5. The sound control system of claim 4, wherein the phase control
unit is configured to adjust an angle of each speaker to adjust a
sound output direction of each speaker and includes an electric
motor combined with each speaker to provide a rotational force to
rotate each speaker about a rotation shaft.
6. The sound control system of claim 4, wherein the phase control
unit is configured to adjust a sound output direction of each
speaker and includes: a reflector rotatably installed at a front
side of each speaker and through which sound output from each
speaker is reflected in an adjusted direction based on a rotated
angle; and an electric motor driven based on a control signal of
the controller and combined with the reflector to provide a
rotational force to adjust an angle of the reflector.
7. A sound control method for a vehicle, comprising: detecting, by
a sensor, a passenger that enters a seat of the vehicle using a
passenger detecting unit installed at each seat of the vehicle;
detecting, by a controller, a passenger riding position within the
vehicle from a passenger detecting signal output by the passenger
detecting unit; and adjusting, by the controller, sound through
each speaker within the vehicle based on the passenger riding
position.
8. The sound control method of claim 7, wherein the passenger
detecting unit is a seat belt switch configured to detect whether a
seat belt of each seat is fastened and output a corresponding
signal.
9. The sound control method of claim 7, further comprising:
storing, by the controller, a sound image position within the
vehicle based on the passenger riding position and an optimum
speaker output value based on each sound image position; and
detecting, by the controller, the passenger riding position to
adjust an output of each speaker using the stored optimum speaker
output value.
10. The sound control method of claim 7, further comprising:
storing, by the controller, a sound image position within the
vehicle based on the passenger riding position and an optimum
speaker phase value based on each sound image position; and
detecting, by the controller, the passenger riding position to
adjust driving of a phase control unit disposed at each speaker to
adjust a phase of each speaker using the stored optimum speaker
phase value.
Description
CROSS-REFERENCE TO RELATED PATENT APPLICATION
[0001] This application claims the benefit of Korean Patent
Application No. 10-2013-0113594, filed on Sep. 25, 2013 in the
Korean Intellectual Property Office, the disclosure of which is
incorporated herein in its entirety by reference.
BACKGROUND
[0002] 1. Field of the Invention
[0003] The present invention relates to a sound control system and
method for a vehicle, and more particularly, to a sound control
system and method for a vehicle, wherein a sound output from a
speaker is automatically adjusted according to a position in which
a passenger enters the vehicle, including a driver (depending on
whether a passenger enters) to provide optimum sound.

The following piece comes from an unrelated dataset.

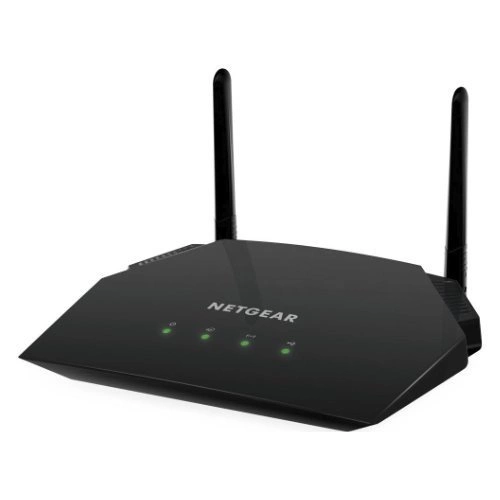 Router Netgear R6260-100PES 4x RJ-45 10/100/1000 Mb/s 1600 Mbps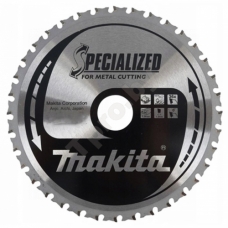Пильный диск по металлу 185x30 мм Z70, для пилы 4131 MAKITA (B-29387)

[0004] 2. Description of the Related Art
[0005] Nowadays development of multimedia technology induces
evolution of a comfortable vehicle or a convenience vehicle that
provide information to a driver, and this evolution of vehicles is
connected to the development of information transmission technology
that targets a driver. In addition, as the complexity of a vehicle
increases and running and usage patterns remain diverse, more
information is required from an inner side/outer side of the
vehicle while driving, and the shape of information that can be
provided to the driver or a passenger becomes more diverse, such as
characters, sound, images, or graphics. An audio, video, and
navigation (AVN) system mounted on the vehicle interlocks with a
driver's information system (DIS), a navigation system, and a
telematics system and provides various information and multimedia
contents that are requested by the driver.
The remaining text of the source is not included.